O projeto existe desde 2008 e todos os anos, desde então, os alunos do Agrupamento de Escolas de Vilela, em Paredes, têm oportunidade de explorar um pouco mais o tema do Holocausto, sempre com perspetivas diferentes. Trata-se do projeto “Nomes e Olhares para a Memória e o Ensino da Shoá” e a PÁGINA foi à sua descoberta.

 

Depois de três professoras da escola terem feito, em 2008, uma formação sobre o ensino e a memória do Holocausto, no Yad Vashem (memorial que pretende recordar todas as vítimas judaicas do Holocausto), em Jerusalém, o desafio foi lançado: fazer projetos para dar continuidade na escola a tudo o que tinham aprendido. Sandra Costa, professora de História, foi uma das docentes que aceitou o desafio e que o leva avante, ainda hoje.

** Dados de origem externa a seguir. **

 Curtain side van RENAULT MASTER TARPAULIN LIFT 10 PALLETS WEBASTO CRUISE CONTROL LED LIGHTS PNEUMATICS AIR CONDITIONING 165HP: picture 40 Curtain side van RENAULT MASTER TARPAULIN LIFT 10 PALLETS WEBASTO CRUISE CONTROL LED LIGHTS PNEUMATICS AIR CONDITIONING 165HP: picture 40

As sessões de formação para professores sobre este tema sensível são agora mais frequentes, mas em 2008 eram uma novidade. Havia, então, que implementar o projeto na escola. Primeiro, Sandra Costa e Sandra Carvalho lançaram o desafio na Área de Projeto, às turmas de 12º ano – que o aceitaram por dois anos consecutivos. Mas, entretanto, aquela área foi extinta e o projeto passou a ser extracurricular e a ser frequentado ao longo de um ano apenas por quem demonstre vontade de explorar o assunto.

Sandra Costa é a coordenadora do projeto e a única das três professoras que fizeram a formação que se mantém no agrupamento, cuja direção apoia incondicionalmente o projeto. E mantém-no, gerindo horários, os seus e os dos alunos interessados. É que se uns, mais novos, querem explorar a matéria da II Guerra Mundial que se dá nas aulas de História, outros há que já nem sequer têm a disciplina, por estarem noutros ramos, como Ciências, mas também querem continuar a trabalhar o tema. Ao longo do ano, sempre que possível, existe interação com os outros alunos (por exemplo, com a realização de um ciclo de cinema), com professores e com outras disciplinas. “O símbolo que usamos, o logótipo do projeto, foi Prova de Aptidão Profissional de uma aluna de Design Gráfico, há cerca de três anos”, exemplifica Sandra Costa.

O projeto já teve muitas vertentes. E, anualmente, é necessário trabalhar uma nova perspetiva sobre o assunto, para que não perca o interesse. “Tentamos seguir a filosofia do Yad Vashem, que é, através das histórias pessoais de vítimas, de perpetradores, de pessoas que salvaram judeus, através dessas histórias individuais, dar nomes aos números. A perspetiva de que, se calhar, conseguimos perceber melhor o que foi o Holocausto se percebermos como é que nos pode afetar em termos individuais.”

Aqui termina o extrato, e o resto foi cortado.